The Eight Mountains
Cert - 12, Run-time - 2 hours 27 minutes, Directors - Felix van Groeningen, Charlotte Vandermeersch.
Over multiple decades of growing up separately, childhood friends Pietro (Luca Marinelli) and Bruno (Alessandro Borghi) keep returning to the peace of the Italian alps.
In February I praised Marcel The Shell With Shoes On for its wholesomeness and tenderness. With a more real-world footing, The Eight Mountains depicts a tender, decade-spanning friendship between childhood friends Pietro (Luca Marinelli) and Bruno (Alessando Borghi). Growing up in the city and countryside respectively the pair reunite each summer to roam the Italian alps, right where Bruno lives; doing so well into adulthood.
There’s a sense of peace and calm in the silences between the pair. Not quiet used to emphasise what has come beforehand or make a point. Silence. They’re happy enough in each other’s company, assisted by the stunning backdrops which are so integral to the film and the characters, that sometimes nothing needs to be said.
An adult Pietro narrates the film’s events. The box-like aspect ratio provides the feeling of someone looking back at old polaroids, each one continuing the story of developing moments within the lives of the central friends. Emphasised by the frequent use of songs by Daniel Norgren; acting as the one nostalgic record in the holiday cottage where the narrator used to stay with his family each summer.
Both figures grow tense and distant relationships with the father-figures in their lives - eventually leading to a key emotional sequence in the later stages of the film - yet, they have a close bond with each other. They may change as they grow up (in a natural, believeable way) but despite time jumps we know they’re the same people thanks to their relationship.
After having not seen each other for years they plan to rebuild a house together on the mountain. “This is our summer house, where we’ll see each other every year” Pietro says, as if insisting a promise and almost demanding one back from his friend. In a similar vein you genuinely believe him when he assures over the phone “I’ll be on my way as fast as I can”.
At two-and-a-half hours you never question the film’s run-time or where it’s going. The pacing, like the central friendship, is relaxed and guides you along with ease as you’re given time to drink in both the scenery (the natural environment is truly amazing to look at) and the places we see the core pair go in their lives. Each with their hopes and wants for where life will take them, although occasionally questioning their course and themselves, adding to the natural progression of life which the narrative charts.
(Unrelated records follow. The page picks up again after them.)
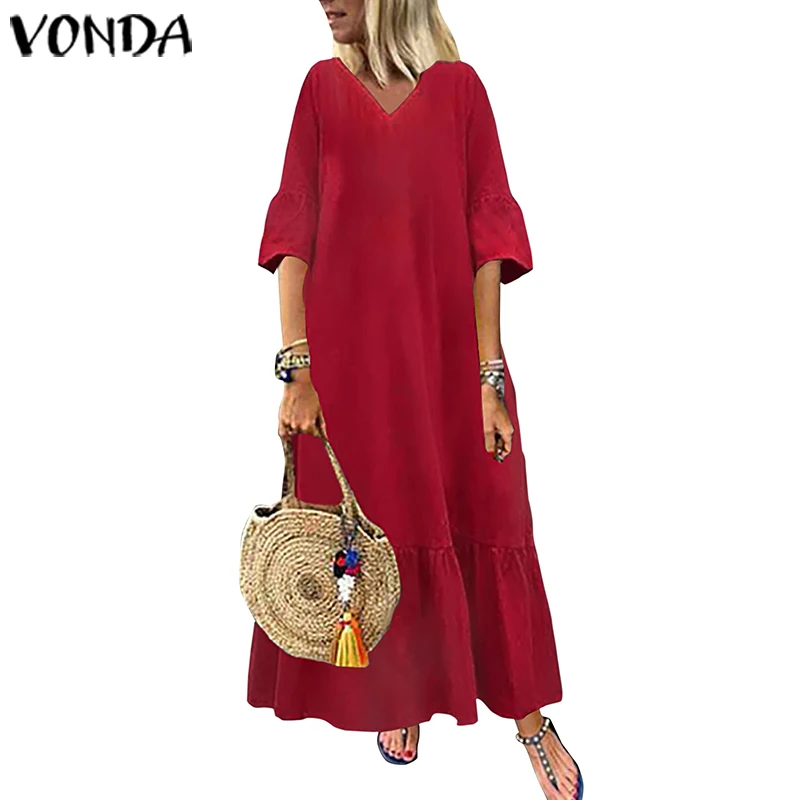 VONDA, женское осеннее длинное платье макси, модные женские туники с расклешенными рукавами, платье-рубашка, вечерние платья размера плюс, женское платье - Цвет: Красный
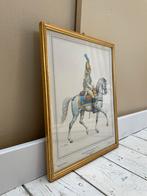 Franse Ridder te Paard in Gouden Lijst, Antiek en Kunst, Ophalen of Verzenden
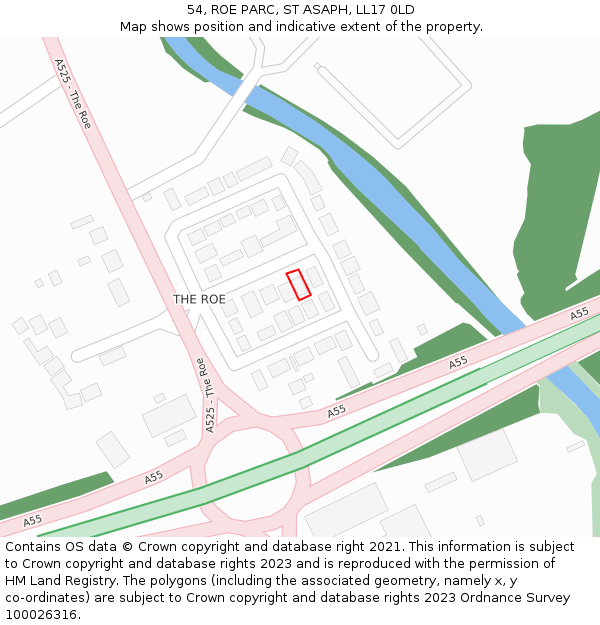 54, ROE PARC, ST ASAPH, LL17 0LD: Location map and indicative extent of plot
You stay with it due to how much you buy into the care and love Bruno and Pietro have for each other. The silence and safety of the alps is pure silence marking a place of true escape, yet one with lingering confrontations in the past. There are various male relationships on display, yet the core focus is that of a calm, gentle male friendship guiding the film and making for moments of genuine profundity throughout.